# Connecting to the Internet running on a Linux live CD



## Cool Joe (Nov 16, 2008)

I want to connect to the net when I'm booted into a live CD of Ubuntu. Is there any way to do so? I'm using version 8.04 BTW. I'm planning to try installing it using VirtualBox.


----------



## thewisecrab (Nov 16, 2008)

It should detect the port and be up-and-running by the time you boot up.
Atleast thats what happened on my live CD...


----------



## QwertyManiac (Nov 16, 2008)

Do the same you would otherwise do for an installed linux.


----------



## Cool Joe (Nov 16, 2008)

^^Well, I haven't set up an internet connection in Linux before.
I'm a Linux n00b.


----------



## FilledVoid (Nov 16, 2008)

> ^^Well, I haven't set up an internet connection in Linux before.



If you have somethign that connects to the Ethernet port (broadband). Just turn on the computer and you should already be connected if the router is already set up right. If you have a dial up connection which connects to a COM port (external modem) then that too works after you configure a connection). Check out the thread above it might help you with more details.


----------



## Cool Joe (Nov 16, 2008)

That's my question. How do I configure my router? (in Linux)


----------



## FilledVoid (Nov 17, 2008)

Use a browser to access the router interface. To access my router in Linux/ Window sor whatever I would open a browser and type 192.168.1.1 . How did you do it in Windows ?  First of all how about giving some details on HOW you get on the internet. Are you using a router which connnects to the USB or eth0 port? 

If your router worked in Windows then there should not be anything needed for a connection to work if you are ok with the connection being on ocne you boot your system. Did you check the thread on Configuring your Linux box for Internet access ?


----------



## NucleusKore (Nov 17, 2008)

beta testing said:


> I want to connect to the net when I'm booted into a live CD of Ubuntu. Is there any way to do so? I'm using version 8.04 BTW. *I'm planning to try installing it using VirtualBox.*



Your post is very confusing 

If you are going to run Ubuntu on VirtualBox in Windows there is nothing to ask. Just install it and the internet will be setup automatically.

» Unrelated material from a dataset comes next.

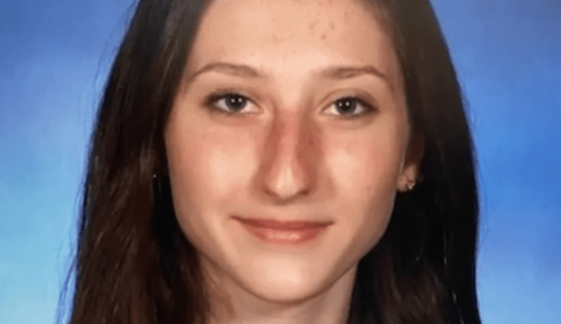 Photo of Isabella Todaro, taken from GoFundMe.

If you want to boot your PC using the live CD, then it depends on what type of broadband connection you have (assuming you have a broadband connection??).

If you dial into your connection manually in Windows, everytime you want to connect to the internet, then in Ubuntu live CD Desktop

Press Alt and F2

Type
pppoeconf
and press ENTER
and run through the wizard

 If your internet connection is always on, then there is nothing to do, boot with the live CD and browse


----------



## Cool Joe (Nov 17, 2008)

BTW, sorry but I should've asked my question in a better way. My router connects through the ethernet port, and I've got to manually dial a connection every time. It isn't an always on connection. And I'd already tried navigating to the router configuration page through the browser, but I didn't get the page at all.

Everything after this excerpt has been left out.